_EXERCISE_. Give the listing again, word for word, and let no picture into it.

_MATERIAL PROVIDED_.
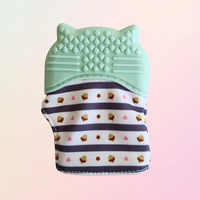 Green raccoon teething mitt with acorn pattern on a green background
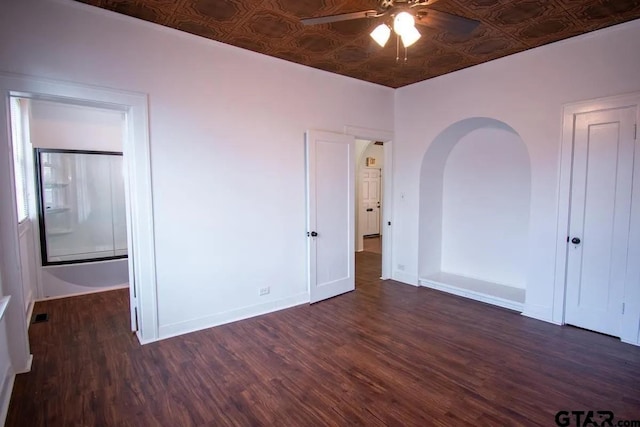 unfurnished bedroom featuring arched walkways, an ornate ceiling, baseboards, and wood finished floors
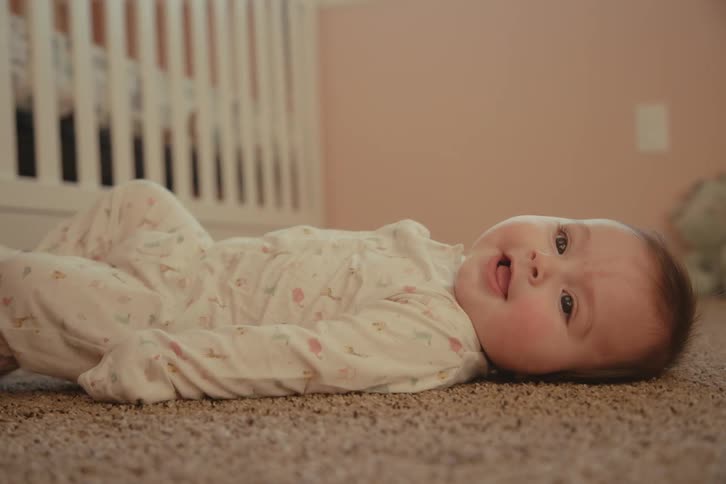 Baby lying on a rug in a room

_ANSWER BOX_.
 Green raccoon teething mitt with acorn pattern on a green background
 unfurnished bedroom featuring arched walkways, an ornate ceiling, baseboards, and wood finished floors
 Baby lying on a rug in a room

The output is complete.